## WHAT THE EXERCISE ASKS
From the data below, return only the lines from the one with "Portable 03A Wireless Speaker" through the one with "Family use mini", exact and inclusive, with pictures left out.

## DATA SUPPLIED
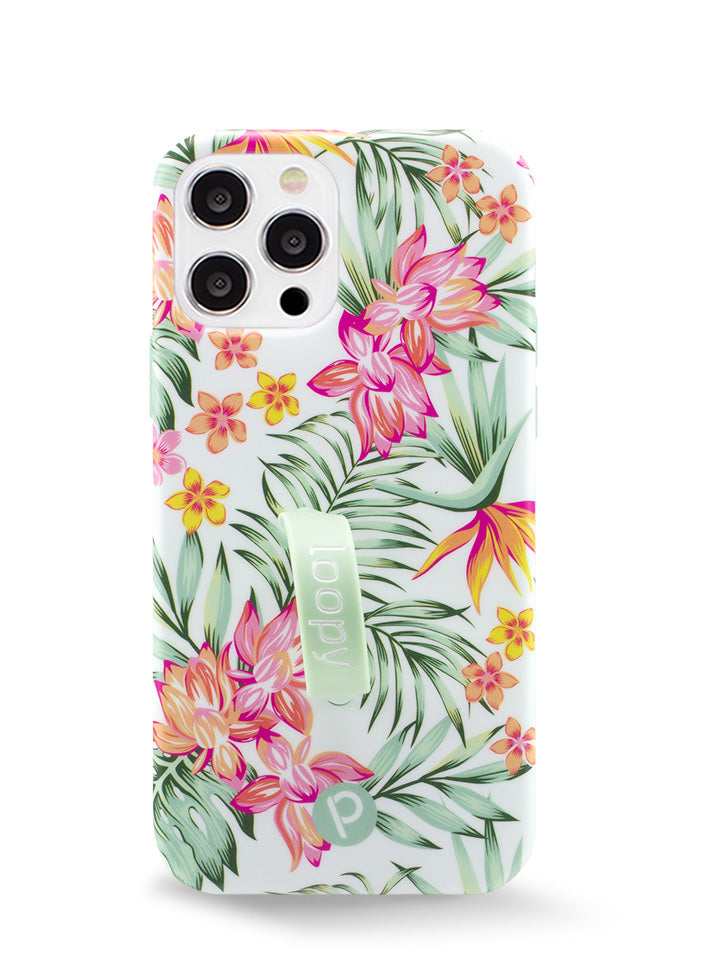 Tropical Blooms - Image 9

* * *

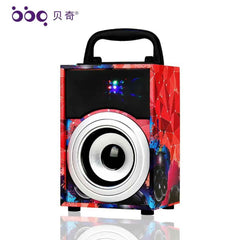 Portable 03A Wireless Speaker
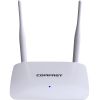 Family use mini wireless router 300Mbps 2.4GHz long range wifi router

* * *

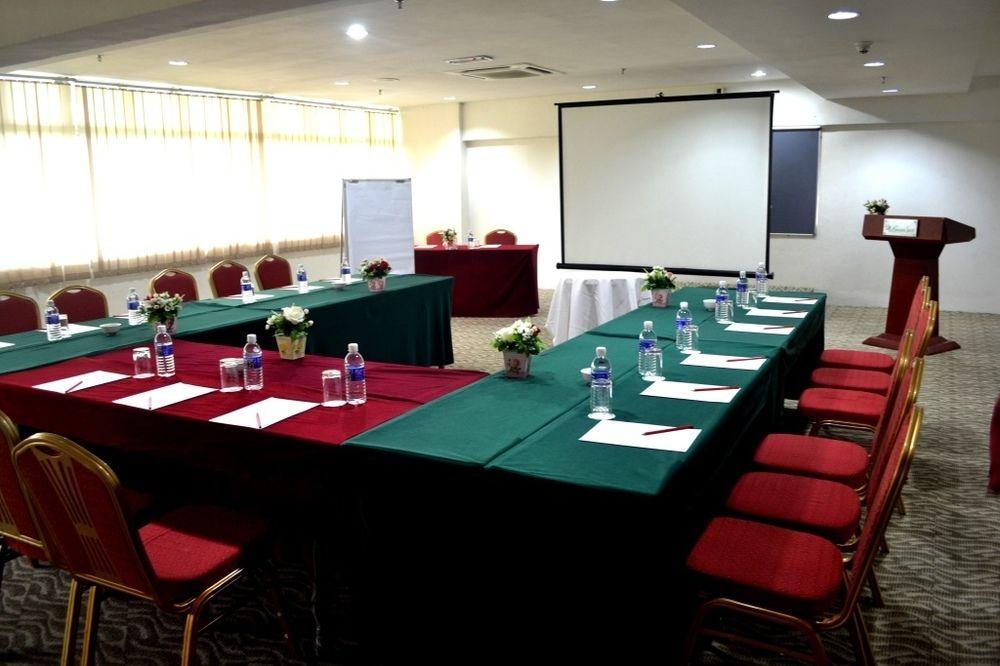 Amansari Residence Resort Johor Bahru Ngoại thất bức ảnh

## ANSWER TO THIS PROBLEM
 Portable 03A Wireless Speaker
 Family use mini wireless router 300Mbps 2.4GHz long range wifi router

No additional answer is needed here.